**Task material**

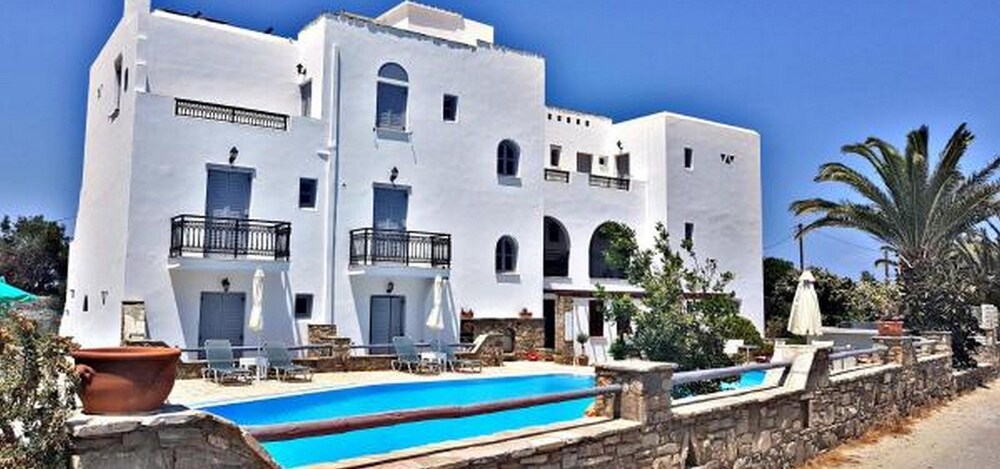 Sunlight Naxos — 4-Star Luxury Hotel in Naxos, Greece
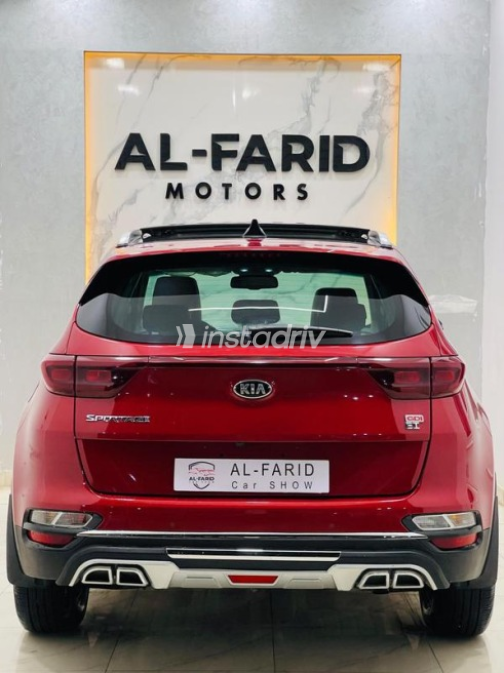 Kia Sportage 2022 Dark Red Automatic Used for Sale in Greater Cairo ( Cairo + Giza) - 3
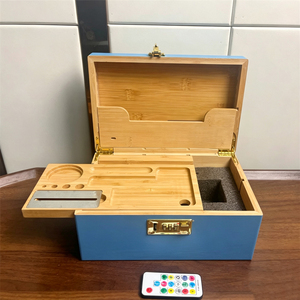 Caja de Almacenamiento de Bambú y Madera OEM de Fábrica con Bandeja Enrollable, Organizador Rectangular con Cerradura para Accesorios de Fumar, Exterior Azul - Product Image 1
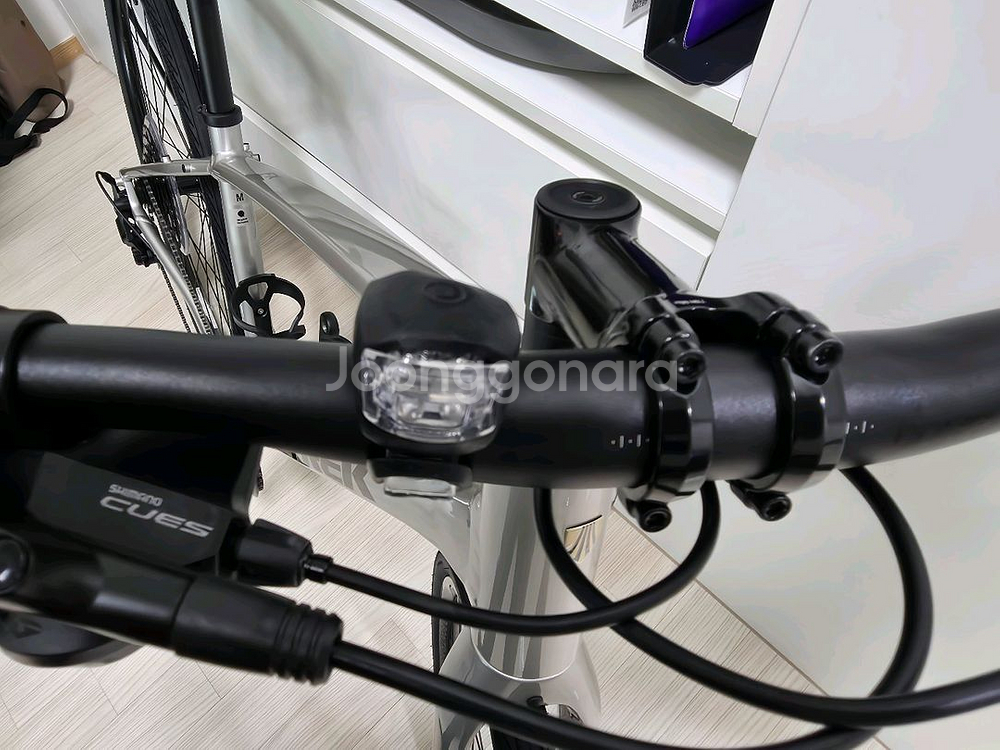 26년형 미개봉 트렉 FX3 하이브리드 MTB 자전거--2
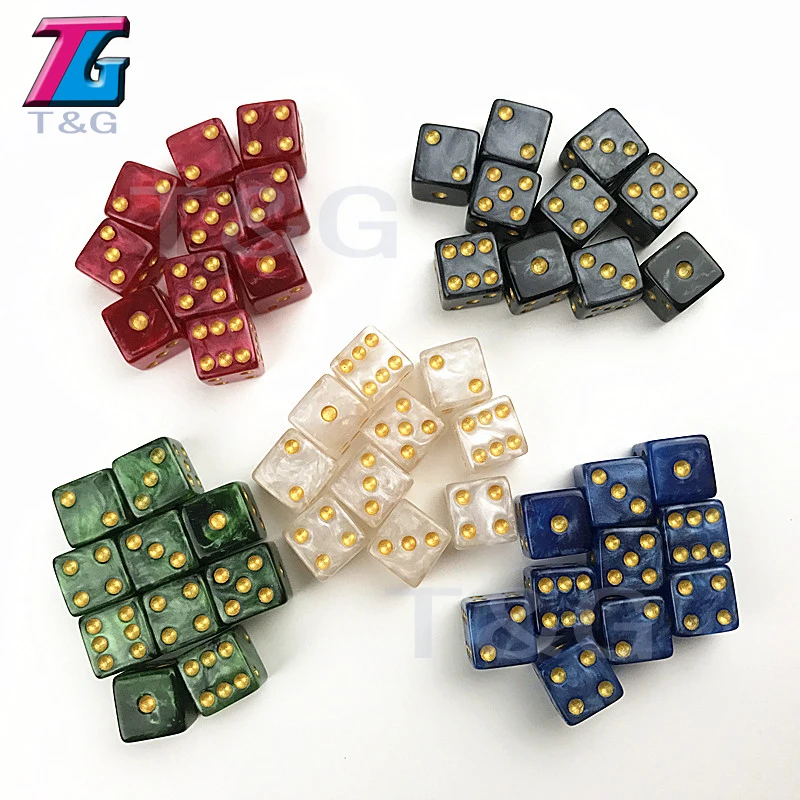 Высококачественные игральные кости d6 с мраморным эффектом и золотыми точками 10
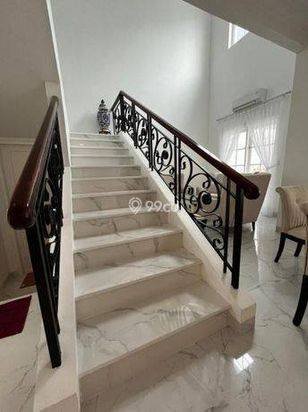 Rumah Cantik di Kota Wisata, Siap Huni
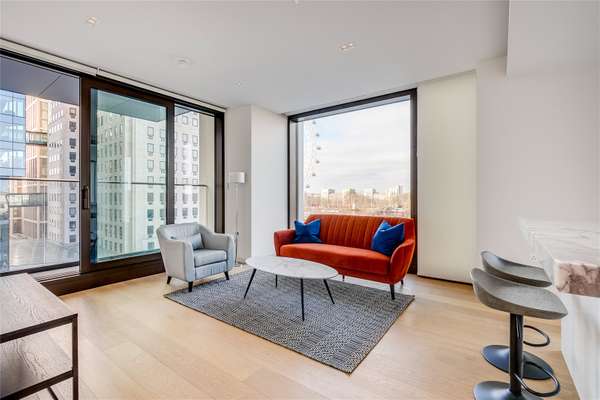 Flat Sutton Walk in Greater London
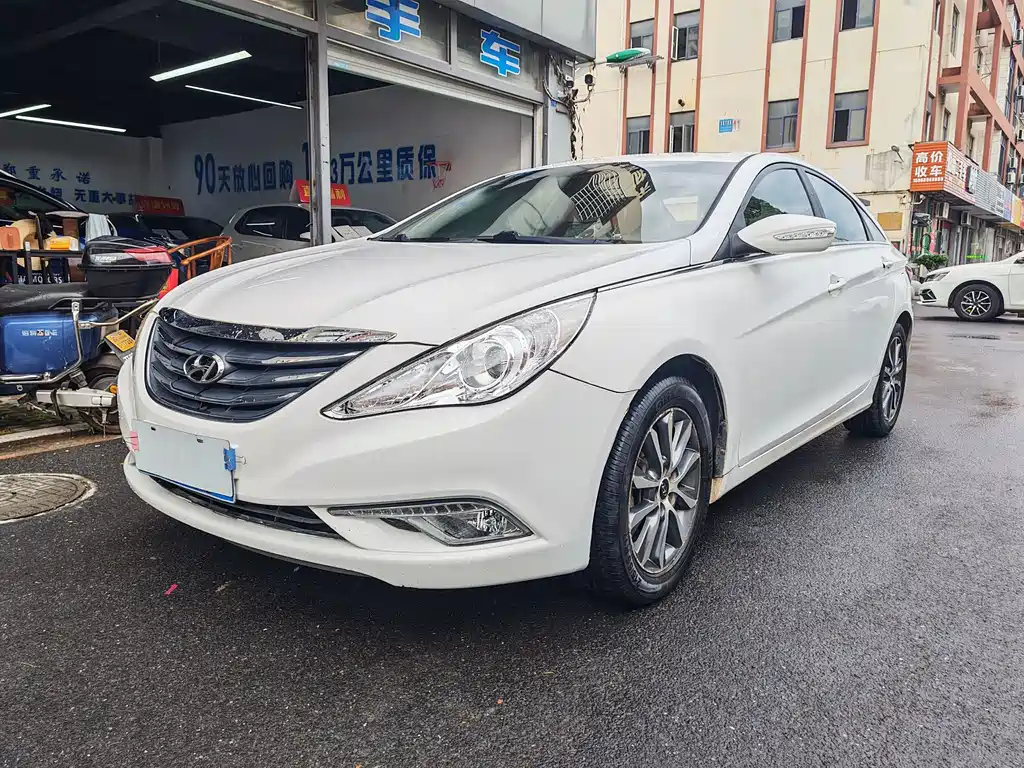 Hyundai Sonata 2013 — фото 1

**What is expected**
Return exactly the lines from the line with "Kia Sportage 2022" through the last line of the data above, both included; pictures do not go in the answer.

**Solution for this task**
 Kia Sportage 2022 Dark Red Automatic Used for Sale in Greater Cairo ( Cairo + Giza) - 3
 Caja de Almacenamiento de Bambú y Madera OEM de Fábrica con Bandeja Enrollable, Organizador Rectangular con Cerradura para Accesorios de Fumar, Exterior Azul - Product Image 1
 26년형 미개봉 트렉 FX3 하이브리드 MTB 자전거--2
 Высококачественные игральные кости d6 с мраморным эффектом и золотыми точками 10
 Rumah Cantik di Kota Wisata, Siap Huni
 Flat Sutton Walk in Greater London
 Hyundai Sonata 2013 — фото 1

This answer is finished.